Names
- Full name: Strathmore Football Club
- Nickname: 'Mores

2025 season
- After finals: Premiers
- Home-and-away season: 4th
- Leading goalkicker: Adam Winter (34 goals)

Club details
- Founded: 1954; 72 years ago
- Colours: Navy blue Gold
- Competition: Essendon District Football League
- Coach: Matt Horne
- Captain(s): Daniel Mighell and Brock Egglestone
- Premierships: 11 (1981, 1984, 1989, 1998, 2005, 2006, 2011, 2014, 2021, 2022, 2025)
- Ground: Seniors: Lebanon Reserve Juniors: Boeing Reserve
- Former ground: Raeburn Reserve
- Training ground: Lebanon Reserve

Other information
- Official website: strathmorefc.com.au

= Strathmore Football Club =

Australian rules football club

Strathmore Football Club, nicknamed the Mores, is an Australian rules football club based in the Melbourne suburb of Strathmore. The club competes in the Premier Division of the Essendon District Football League (EDFL).

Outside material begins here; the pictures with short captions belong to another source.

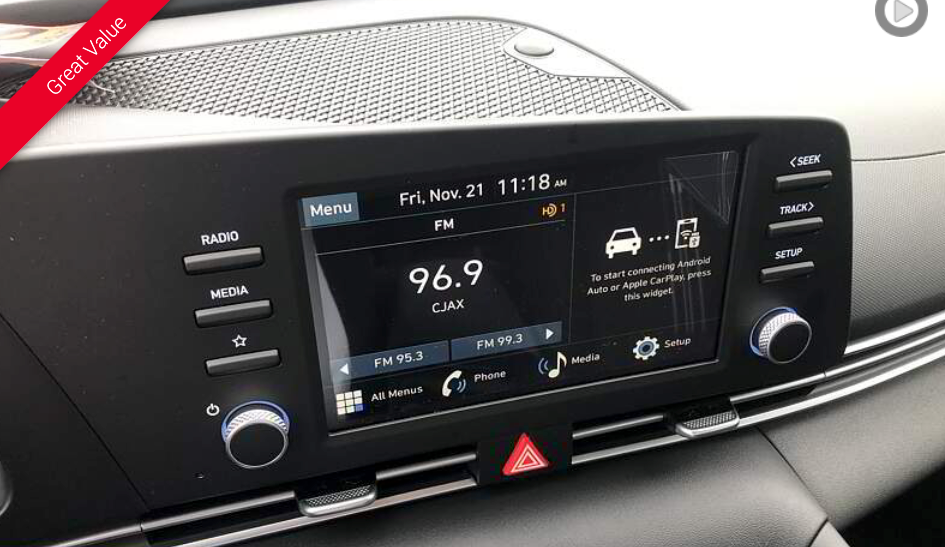 Dashboard infotainment screen in a car, displaying radio information and other vehicle features.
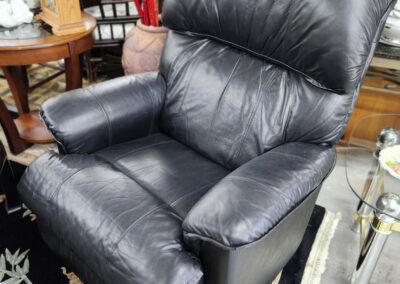 Black leather recliner in a furniture store.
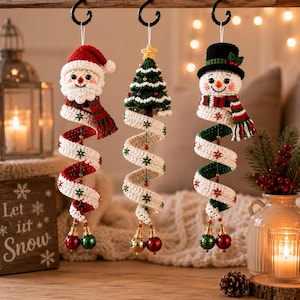 Peut inclure: Trois décorations suspendues en crochet représentant un père Noël, un sapin de Noël et un bonhomme de neige. Chaque figurine possède une longue queue blanche en spirale ornée de flocons brodés rouges et verts, terminée par des grelots.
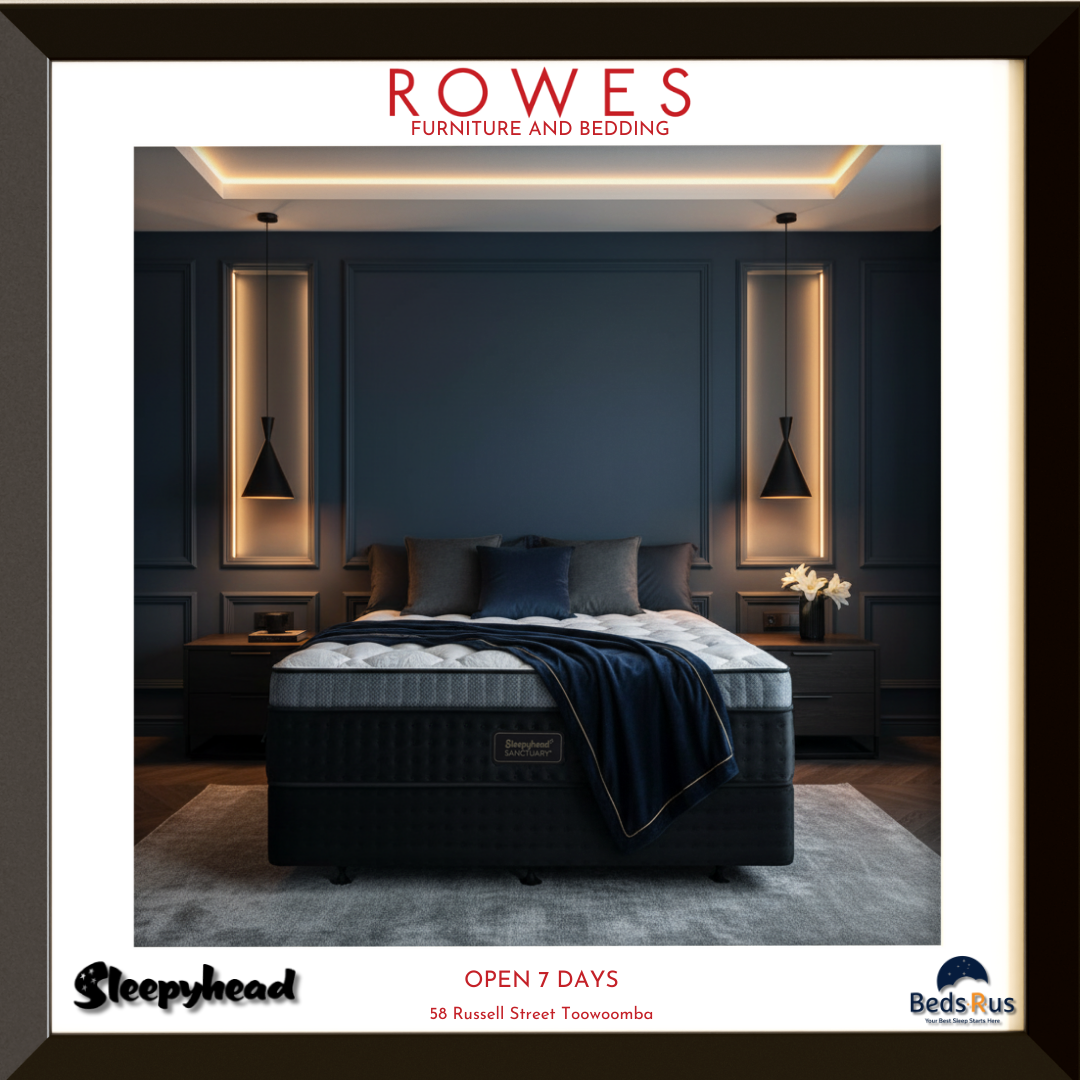 Bedroom with a bed and nightstands, featuring 'Rowes Furniture and Bedding' branding.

Founded in 1954 as a junior club, Strathmore established its senior program in 1957 and has since become one of the EDFL's most successful and respected clubs.

Originally playing its home matches in nearby Pascoe Vale, the club later relocated to its current home at Lebanon Reserve, which serves as its headquarters, training base and seniors and women's match-day venue.

The club's colours are gold and navy blue, and it fields teams across senior men's, women's and junior competitions.

The club has won nine senior premierships, including a memorable 2011 A Grade premiership when it defeated rivals Oak Park by two points in a dramatic Grand Final. Entering the match as underdogs after a 37-point semi-final defeat, Strathmore overturned the odds to prevail 11.15 (81) to 11.13 (79).

In 2021, Strathmore was awarded its ninth senior premiership after finishing atop the EDFL Premier Division ladder when the season was curtailed due to the impacts of the COVID-19 pandemic.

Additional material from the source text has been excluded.